Thursday, March 7, 2024

Q&A with Virginia Isaacs Cover




Virginia Isaacs Cover is the author of the new novel Supplemental Needs. She also has written the book Living with Klinefelter Syndrome, Trisomy X, and 47,XYY. A social worker, she works with adults and children with developmental disabilities. She lives in the Washington, D.C., area.


Q: What inspired you to write Supplemental Needs, and how did you create your character Rachel?


A: I was inspired to write a story about a young child with a disability and the process of the parents adjustment to disability by the novel by Saira Shah, The Mouse-Proof Kitchen. It was a fictionalized account of life with her own profoundly neurologically challenged daughter.


No one had ever written about the experience of a prenatal diagnosis of a child with an X/Y chromosome disorder, my own son’s genetic condition. As Ms. Shah did, the character of the mother, Rachel, is loosely based on my own life, with lots of literary license.


Q: How was the book’s title chosen, and what does it signify for you?


A: A supplemental needs trust is the financial instrument that parents use to set aside funds for their child that will not disqualify them for government benefits, such as SSI or Medicaid, that they will need in the future.


Supplemental needs also signify the extra efforts and complications of parenting a child with special needs, especially when their condition is stigmatized.


Q: Did you know how the story would end before you started writing it, or did you make many changes along the way? 


A: When I write, I construct a detailed outline, so I had a good idea about the progression of the story. Of course, that got revised along the way, but the general progression was followed.


Q: What do you hope readers take away from the novel?

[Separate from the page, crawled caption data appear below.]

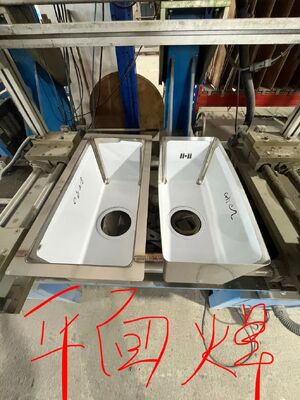 Machine de soudage à couture droite avancée pour la production d'éviers de cuisine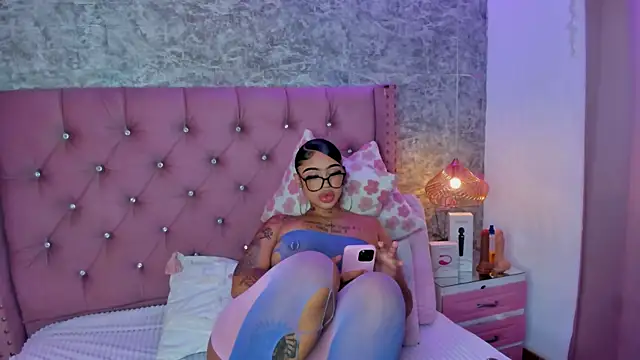 Mia Jansen online show from January 13, 2026, 2:00 pm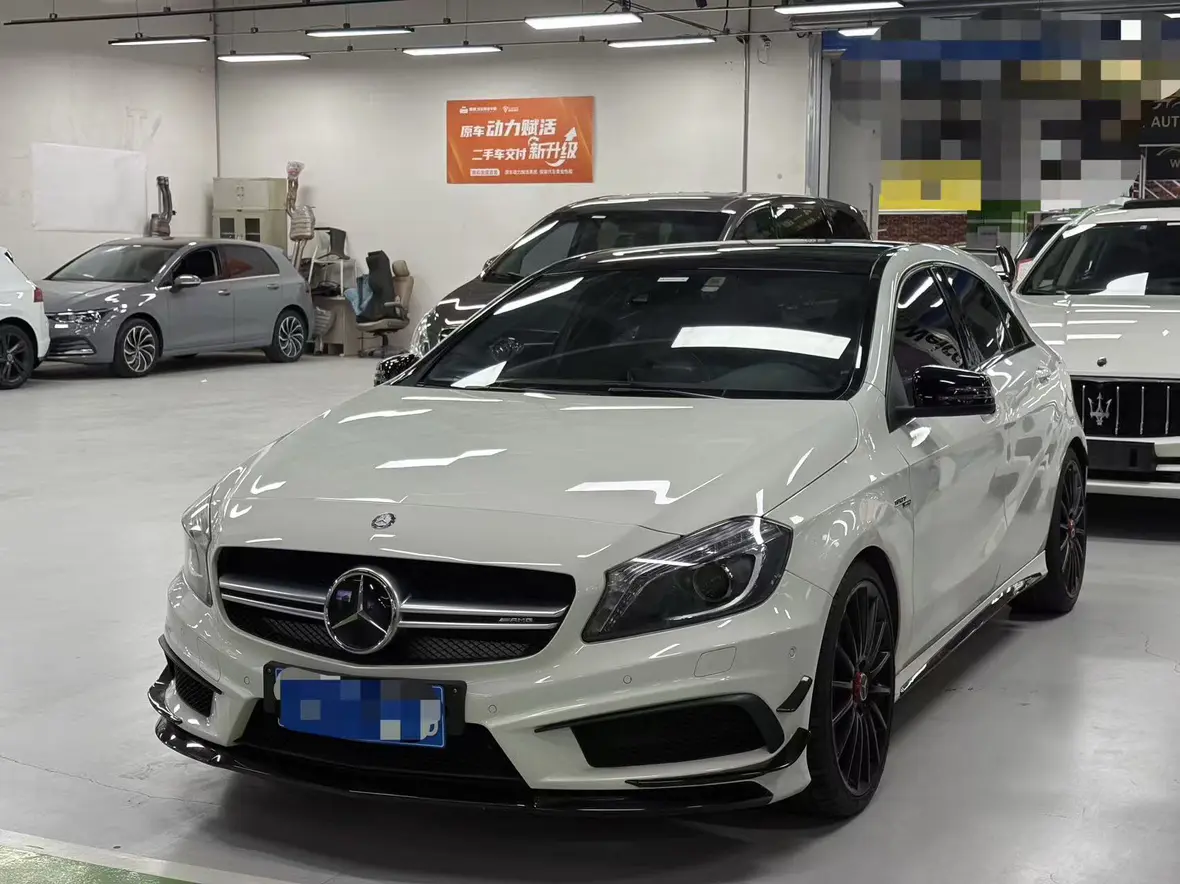 Mercedes-Benz A-Class AMG  из Китая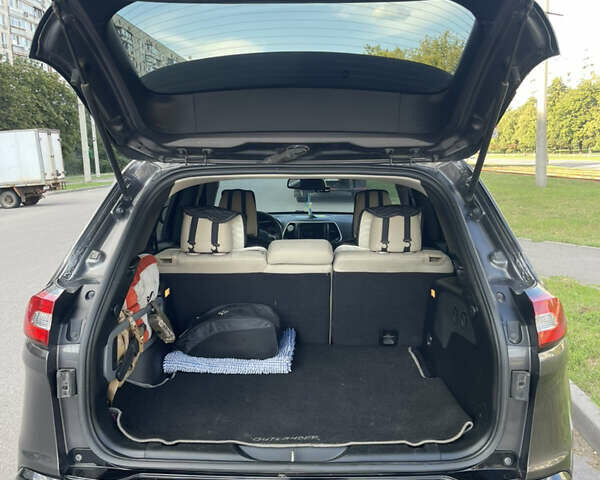 Серый Джип Чероки, объемом двигателя 2.36 л и пробегом 230 тыс. км за 13950 $, фото 4 на Automoto.ua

A: I would like readers to consider the burden we place on expectant parents by ever increasing rates of prenatal screening. There are inadequate numbers of knowledgeable genetic counselors to guide them through decision making after these findings, particularly with common and highly variable conditions like sex chromosome aneuploidy.


I also want readers to gain an understanding of these conditions, as well as the harm to these families done by the continuing and untrue myths associating XXY and XYY with aggression and criminality.


Q: What are you working on now?


A: I am beginning the process of updating the guide that I wrote in 2012, Living with Klinefelter Syndrome, Trisomy X, and 47,XYY. There has been so much additional research as well as clinical resources established for these families and individuals. The updated guide needs to reflect this new knowledge.